Transaction Model

This page explains Datomic’s transaction model and the motivations behind its design. It also attempts to preempt common misconceptions.

There are a number of potential causes for confusion when learning the model. First, its declarative semantics are less common and thus unfamiliar. Second, Datomic some constructs superficially resemble constructs of e.g. SQL databases, which are very different in that they rely on imperative manipulation of a mutable database. Third, Datomic often names data and functions with verbs which may suggest operations where there are none.

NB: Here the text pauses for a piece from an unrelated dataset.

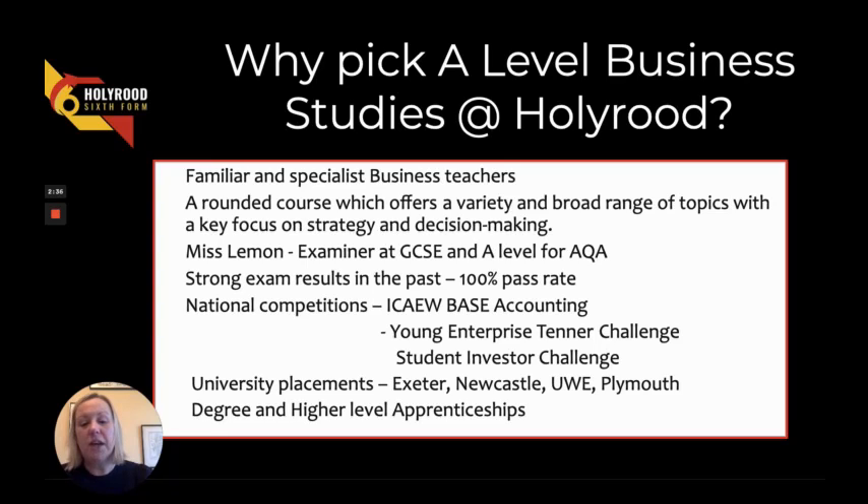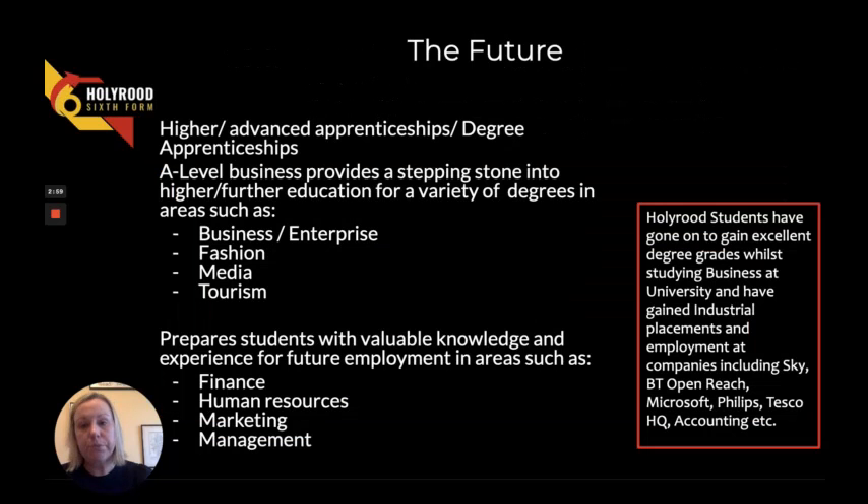We also have some really good university placements, with students having gone on to study business at Exeter, Newcastle, the University of the West of England, and Plymouth. We've also had students go on to degree-level or higher-level apprenticeships — for example, one student has gone on to study with EDF as part of a degree apprenticeship, and others have done higher-level business apprenticeships at Leonardo's. We also have pathways where you can study many different options including business, PR, marketing, and finance, with lots of different and exciting opportunities as shown on screen.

It’s All About Information

A Datomic database is information, specifically a set of atomic immutable facts. Because “fact” has many casual meanings, we call facts in Datomic datoms. There are two kinds of datoms, additions and retractions, named via :db/add and :db/retract in transaction data. Each datom associates an entity (E) with a value (V) via an attribute (A), similar to the subject/predicate/object of RDF. In the example below, the entity Stu is related to the value “pizza” by the attribute :likes.

[[:db/add Stu :likes “pizza”]]

A transaction is information, specifically a set of datoms written as above. A Datomic transaction is declarative. The d/transact API atomically accrues a transaction to a database. On their own, the datoms of a transaction ‘do’ nothing. They could instead be considered mere clauses named:

[[:it-is-now-true-that Stu :likes “pizza”]
 [:it-is-no-longer-true-that Stu :likes “ice-cream”]]

A database value is the set of all datoms ever added to the database. It only accrues new information (like a log or ledger), and only via transactions. A database is not a set of places that get updated. The word value emphasizes that databases, like datoms, are immutable. For brevity, database value is often shorthanded as db value or even db.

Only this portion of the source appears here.